Howard Marks, VAST Data
Howard Marks

The EBox idea colocates a CNode and DNode in one server box, thus preventing the independent scaling of compute and storage. This is justified because, as VAST Technologist blogger Howard Marks says: “The EBox architecture lets us run the VAST Data Platform in environments that, until now, didn’t want, or couldn’t use, highly available DBoxes. These include hyperscalers that have thousands of a very specific server configuration and cloud providers that only offer virtual machine instances. It also allows us to work with companies like Supermicro and Cisco to deliver the VAST Data Platform to customers using servers from those vendors.”

A separate VAST blog states: “The EBox is designed to address the growing needs of hyperscalers and CSPs that require infrastructure capable of handling massive data volumes and complex workloads. By combining the best features of its predecessors into a more compact form factor, the EBox not only saves valuable rack space but also enhances the overall performance and resilience of the datacenter.”

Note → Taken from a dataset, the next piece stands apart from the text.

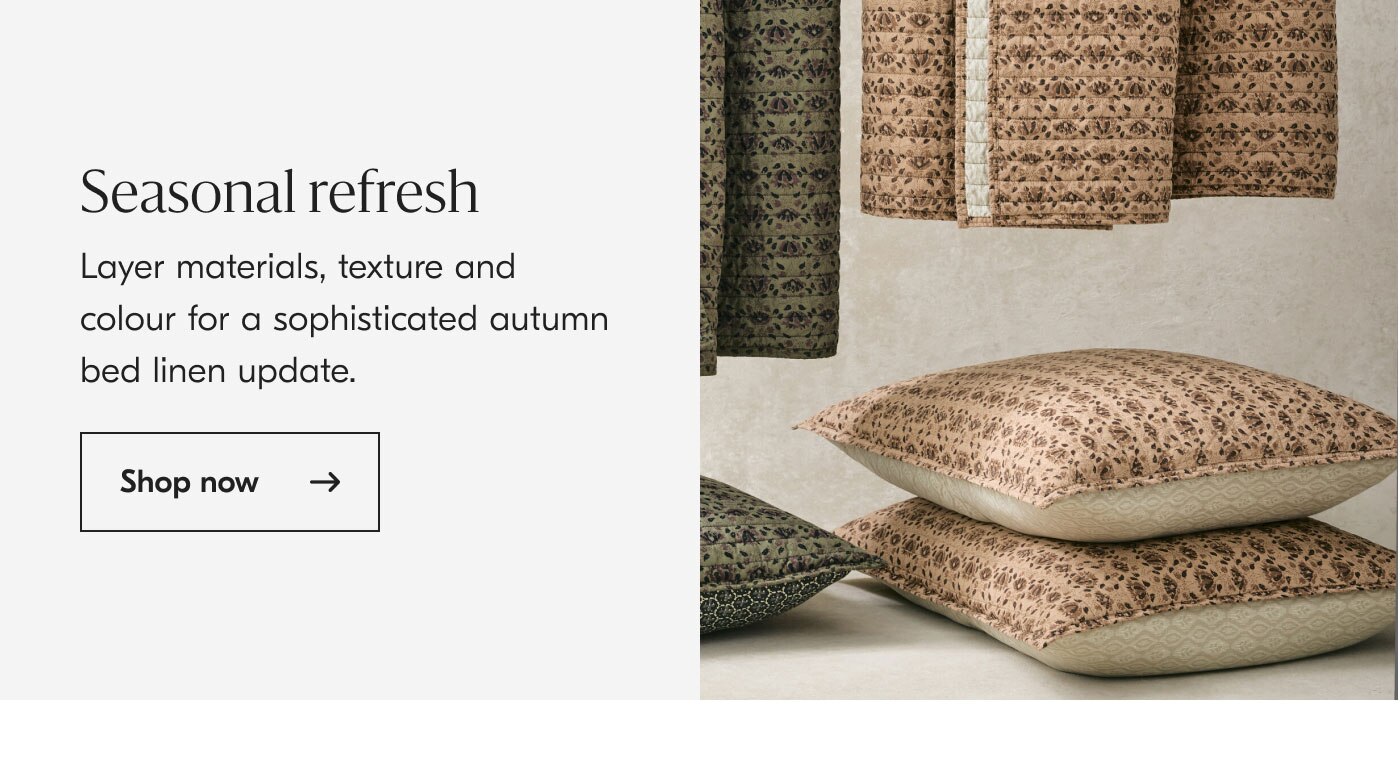 Seasonal refresh: Layer materials, texture and colour for a sophisticated autumn bed linen update. Shop now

EBox hardware features a single AMD Genoa 48-core processor, 384 GB of DRAM, 3 x storage-class memory (SCM) drives, and 9 x 30 TB NVMe SSDs (270 TB), plus two PCIe slots for front-end cards. There is a minimum cluster size of 11 nodes and metadata triplication “ensuring every read or write operation is replicated across three EBoxes within the cluster.” So the system withstands substantial hardware failure, keeping data secure and ensuring “sustained performance and rapid recovery, even during failures.”

Marks says: “Each x86 EBox runs a CNode container that serves user requests and manages data just like a dedicated CNode would, and DNode containers that connect the EBox’s SSDs to the cluster’s NVMe fabric. Just like in a VAST cluster with CBoxes and DBoxes, every CNode in the cluster mounts every SSD in the cluster.”

v5.2 also includes a global SMB namespace, Write Buffer Spillover, VAST native table support in async replication, S3 event publishing, and S3 Sync Replication, all of which “can streamline complex workloads for enterprise, AI, and high-performance computing environments.” It also has improved write performance, with Marks saying: “We’re taking advantage of the fact that there are many more capacity (QLC) SSDs than SCM SSDs by directing large bursts of writes, like AI models’ dumping checkpoints, to a section of QLC.  Writing to the SCM and QLC in parallel approximately doubles write performance” over the previous v5.1 software release. Since we’re only sending bursts of large writes to a small percentage of the QLC in a cluster, the flash wear impact is insignificant.”

He adds: “We’re also bringing the EBox architecture to the public cloud in 5.2, with fully functional VAST Clusters on the Google Cloud Platform,” which we expect to be announced later this year. 

The S3 event publishing is configured on one or more buckets in the system and provides event-driven workflows triggering functions. When data changes in such a bucket, the VAST cluster will send an entry to a specified Apache Kafka (distributed streaming platform) topic. Specifically, v5.2 VAST software requires the topic to be on an external Kafka cluster and the functions must subscribe to the Kafka topic.

More is coming this year, with Marks writing: “Over the next few quarterly releases, the VAST DataEngine will add a Kafka API-compatible event broker and the functionality to process data,” ending the external Kafka cluster limitation.

Camberly Bates, Futurum
Camberly Bates

Futurum analyst Camberly Bates writes: “VAST’s EBox integration with the Google Cloud Platform is likely to drive further adoption in public cloud environments.” This hints at Azure and AWS support for the EBox concept coming later this year.

We would expect the EBox architecture to support much higher capacity SSDs later this year, with 62 TB drives now available from Micron, Phison, Samsung, and SK hynix, and 122 TB-class SSDs announced by Phison and Solidigm recently.

Bates also suggests, referring to the v5.2 software: “Rivals may introduce similar advancements in replication, namespace management, and performance to remain competitive.” 

Suppliers like DDN, HPE, Hitachi Vantara, IBM, NetApp, Pure Storage, and WEKA are likely going to face continued strong competition from VAST in 2025.